=== Begin Enclosure ===

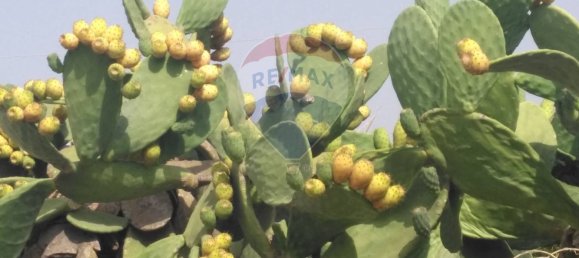 3 Schlafzimmer Villa in Alcamo, Italy, Nr. 362020 5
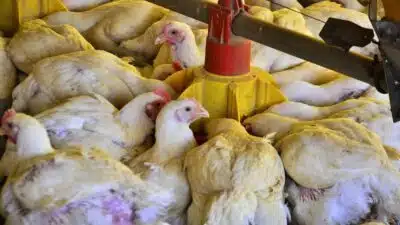 Cobb-Vantress Inaugura Incubatório de Alta Tecnologia em Prata – Minas Gerais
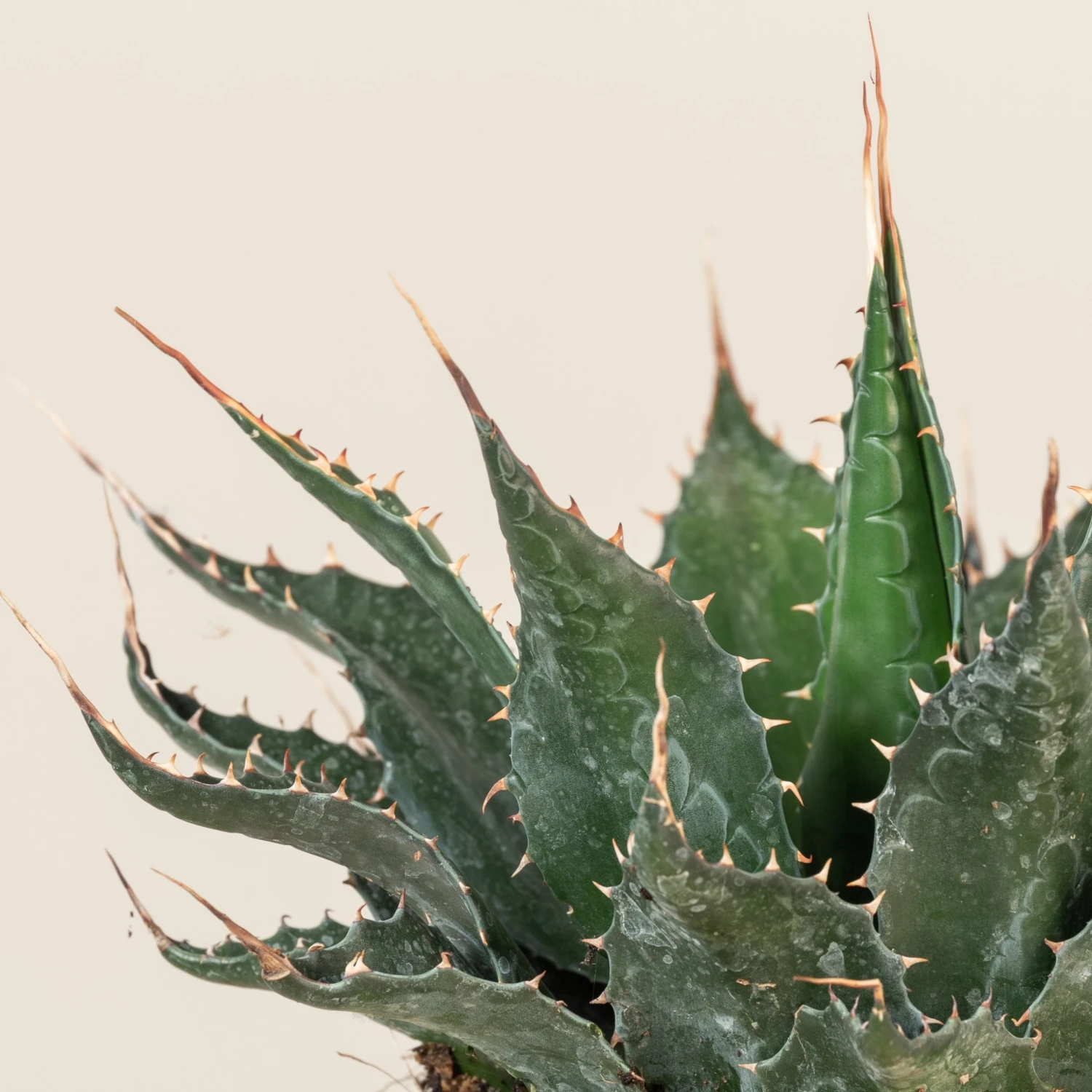 Agave Montana 13 Agave Montana - Image 11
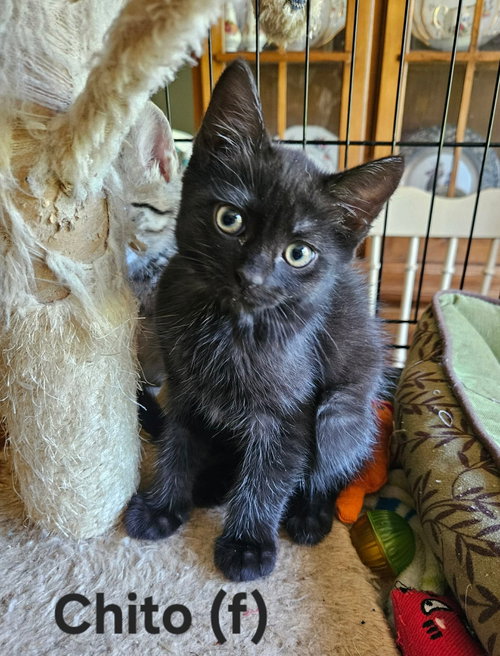 Chito - Not at shelter (Kendra), Baby Domestic Short Hair (short coat), cat for adoption in Roanoke, Virginia
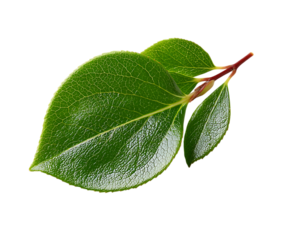 Beautiful natural wintergreen leaf leave close-up image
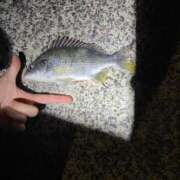 ヒメ日記 2025/11/06 17:56 投稿 ミリア 京都ホテヘル倶楽部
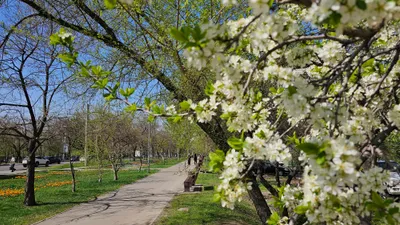Весеннюю красоту в Ботаническом саду показали алматинцы, фото - Новости Zakon.kz от 12.04.2025 15:01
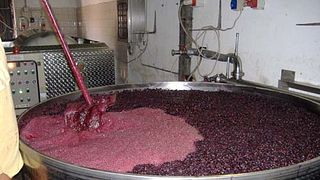 Degustação de vinhos e tour em Sant'Agnese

=== End Enclosure ===

_PROBLEM DESCRIPTION:_
Take the material above and output only the lines from the one that contains "Agave Montana 13 Agave Montana - Image 11" through the one that contains "ヒメ日記 2025/11/06 17:56 投稿 ミリア 京都ホテヘル倶楽部", ends included and images left out.

_SOLUTION TO THIS PROBLEM:_
 Agave Montana 13 Agave Montana - Image 11
 Chito - Not at shelter (Kendra), Baby Domestic Short Hair (short coat), cat for adoption in Roanoke, Virginia
 Beautiful natural wintergreen leaf leave close-up image
 ヒメ日記 2025/11/06 17:56 投稿 ミリア 京都ホテヘル倶楽部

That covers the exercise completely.